By focusing on architecture and physics, Addionics is “betting on the entire race to make batteries more scalable and safer, not just on chemistry,” where competitors are currently pouring their energies, Biton said. “We are chemistry-agnostic so you can think of us as a complementary solution.”
Addionics is already working with OEMs (original equipment manufacturers) and Tier I companies on integrating its tech into existing assembly lines. Last summer, the company announced a new partnership with the Centre for Process Innovation (CPI), a British technology and innovation center, and the University of Warwick’s WMG, an academic department focused on knowledge transfer in engineering and tech, to cooperate on improvements in lithium-ion battery cell performance and manufacturing processes.

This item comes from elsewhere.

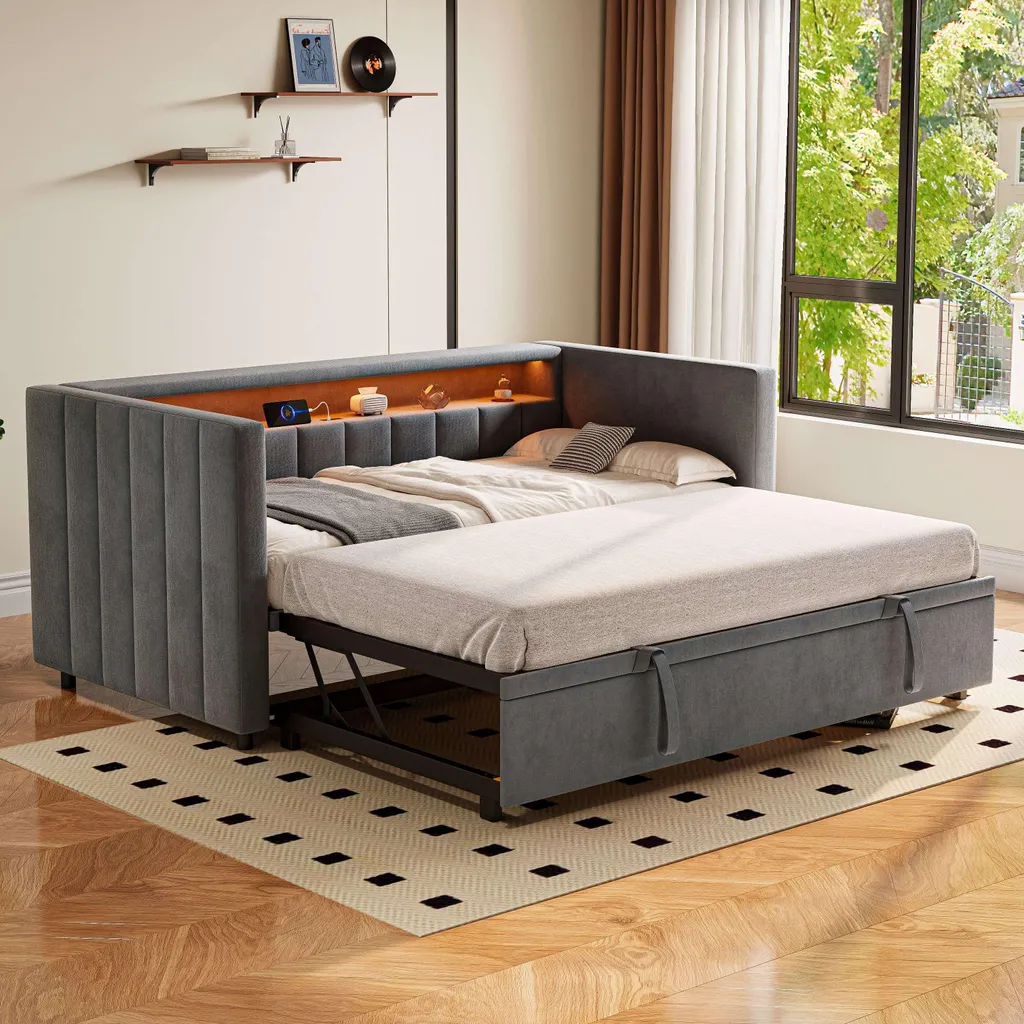 Lit de Jour 90x190 cm : Solution Couchage d'Appoint avec LED et Prises USB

The collaboration is known as Project STELLAR (Smart Three-dimensional ELectrode Lithium-ion batteries with Automated Robotics) and is backed by Innovate UK, the government-funded innovation agency.
Earlier this year, Addionics raised a $27 million Series A round to fund its ongoing efforts to redesign battery architecture for the electric vehicle market and similar industries in order to boost performance and reduce costs.
The Israeli company, based in Tel Aviv and London, said it plans to use the investment to expand its team, increase activities in the US and Germany, and reach commercialization by 2024.
Addionics was among 12 global BNEF winners in four categories which are listed as challenges. The first challenge recognized two American companies, one British outfit and one Italian startup working to “provide round-the-clock zero-emissions power challenge.” The second challenge honored companies “scaling long-term carbon removal technologies” with two US startups and one Icelandic company winning in this category. The third challenge — “decarbonizing aviation” — recognized two American winners developing emissions technologies.
BNEF also selects “wildcard” winners — innovative companies that don’t fit specifically in the selected challenges but so address “unique decarbonization issues.” Addionics won in this category alongside an American firm and a British company.
“We are cognizant of how essential new technologies are for tackling climate change, and how hard it is to scale innovation,” Claire Curry, selection committee co-chair and head of digital industry research at BloombergNEF. “Since 2010, this award has been a positive influence on climate-tech innovation, and we believe it is now more urgent than ever to highlight the technology gaps to reaching net-zero and the entrepreneurs addressing them.”